Finding that the EEOC’s proposed definition of the term “charge” was entitled to deference, the Supreme Court held that a filing will be deemed a “charge” under the ADEA if, in addition to containing the minimal information set forth in the regulations, it can be “reasonably construed as a request for the agency to take remedial action to protect the employee’s rights or otherwise settle a dispute between the employer and the employee.” While the Court recognized that this ruling allowed a wide range of documents to be considered “charges,” the Court decided that this result was consistent with the ADEA, which was designed (in part) to enable pro se litigants to easily invoke the remedial processes of the EEOC.

The Intake Questionnaire Was a Charge

After determining how to define “charge,” the Court found little trouble in deciding that Kennedy’s Intake Questionnaire and Affidavit satisfied the definition. Though the Intake Questionnaire by itself did not contain language suggestive of a “charge,” the Court did not consider the questionnaire in a vacuum. The Court found it significant that Kennedy also filed a detailed six-page Affidavit that “supplemented” the Intake Questionnaire. In the Affidavit, Kennedy asked the EEOC to “force Federal Express to end their age discrimination plan,” a statement that the Court found to be a request for agency action.
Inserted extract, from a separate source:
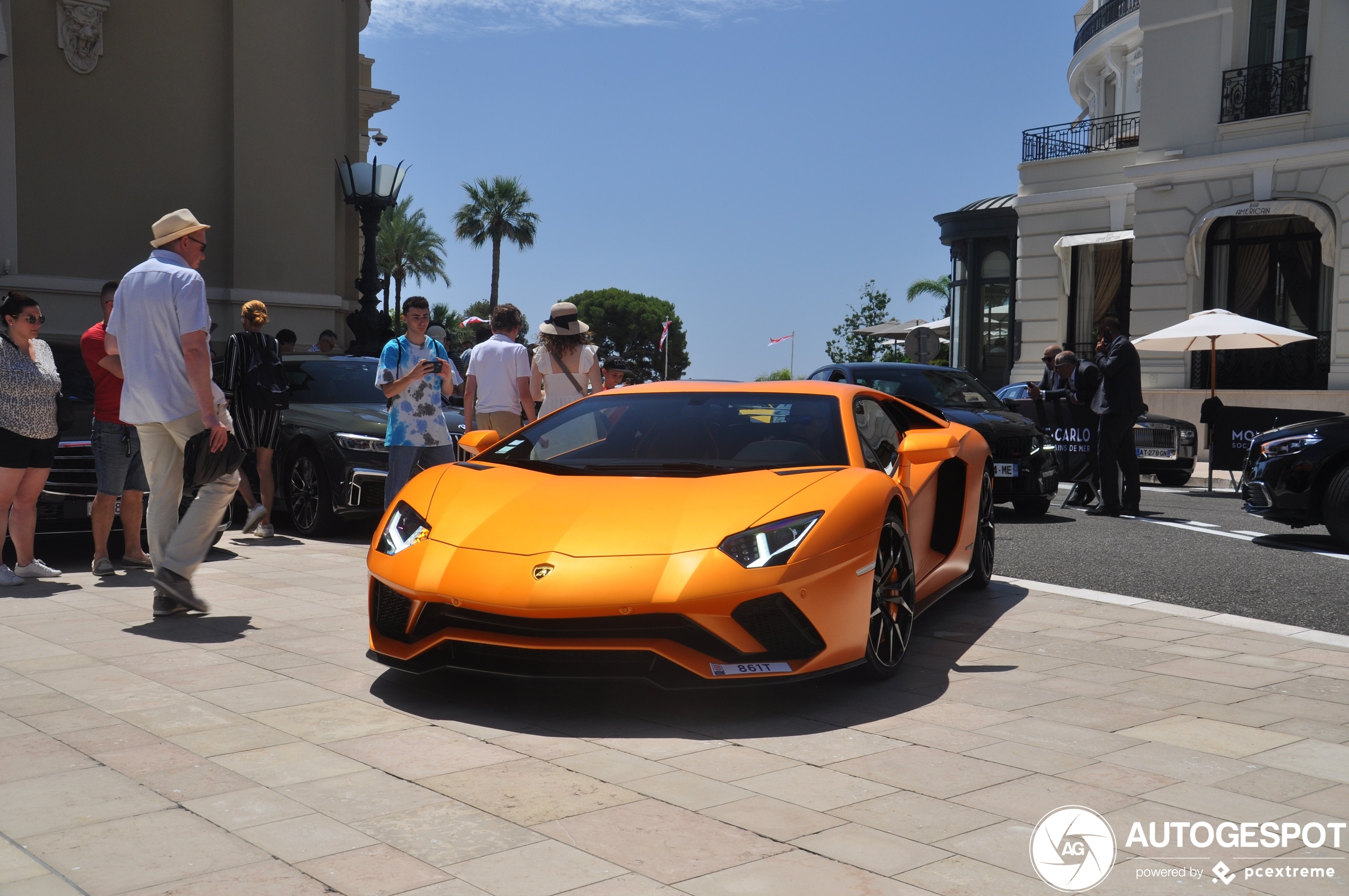 lamborghini-aventador-s-lp740-4-14-june-2023-autogespot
Given its determination that Kennedy’s filing was a “charge,” the Court affirmed the Second Circuit’s decision to allow Kennedy’s age discrimination lawsuit to proceed. Though the Court considered it “unfortunate” that the EEOC field office did not treat Kennedy’s filing as a charge, and therefore deprived the employer of the opportunity of conciliation and settlement before a lawsuit was filed, the Court deemed the result unavoidable in this instance. The way to avoid future unavoidable consequences, the Court observed, was for the EEOC to establish a clearer, more consistent process.

Practical Impact of the Decision

The Supreme Court itself recognized that its decision expanded the universe of documents that may be considered a “charge” of discrimination within the meaning of the ADEA. Accordingly, employers may expect to be notified by the EEOC of complaints filed with an agency about allegedly discriminatory practices, even when the complainant has not filed the Form 5 charge document that the EEOC customarily uses. And even in situations where the EEOC does not give an employer notice of a filing with the EEOC, the employer may find it more difficult to dismiss an ADEA lawsuit on the ground that the employee/plaintiff has not exhausted the “charge” requirement. Unless and until the EEOC implements clearer guidelines with respect to the requirements of a “charge,” an ADEA plaintiff who has not filed a Form 5 charge may be able to invoke Federal Express v. Holowecki to keep his or her lawsuit alive, so long as he or she has filed something with the agency that might arguably be construed as a request for the EEOC to act.